Silence swallowed the room while guilt played on Kevin and Migretta’s minds. The shock they felt shouldn’t have been so unanticipated, considering that they were the ones who put their child in such a position, not the prophecy.
The Oracle lifted the hood of her cloak and proceeded towards the door. With her hand gripping the knob, she stopped and turned back to them. Struck by their innocent and regretful expressions, the Oracle felt a form of compassion.
“I will provide for you all some future advice,” she muttered. “For you Migretta, I respect all the decisions that you shall make in the future. However, I advise that you leave your recklessness behind when making them.”
Migretta stared at the Oracle, her back straight and her jaw squared. Migretta held her baby still, but her fingers trembled, and her inhuman eyes flickered with anger.
“Kevin James.” The Oracle turned to the heated man. “I admire your love and loyalty, but beware the trouble that it may lead to. In the future, do not leave your children without hope of your return.”
“What are you talking about?!”
“You will know in time,” she ended. “May the Creators favor you.”
As she closed the door behind her, she paused before moving forward.

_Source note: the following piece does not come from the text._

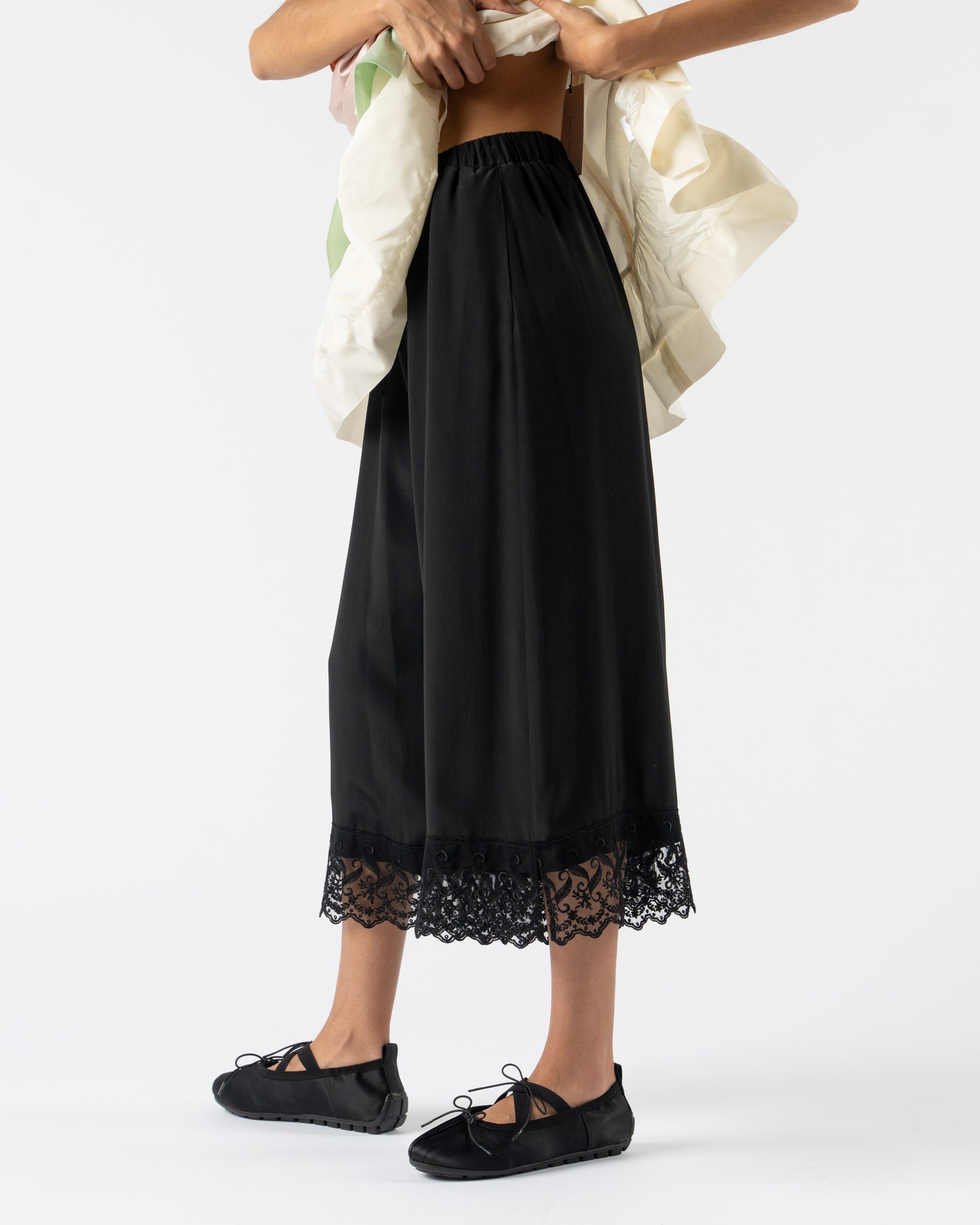 Simone Rocha Cropped Lace Trim Negligee Trousers in Black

Her job was done. Although Orsana’s fate lay in the hands of an infant and an Elemental, she felt confident about the future. There would be pain. There would be sacrifices. There would be death. She knew those things to be true more than anyone else.
However, she also knew that there would be light. Somewhere at the end of the story, there was light.
The Oracle turned back around and pressed her palm against the door.
“It is in your hands now, Thenara,” the Oracle whispered. “Happy Birthday.”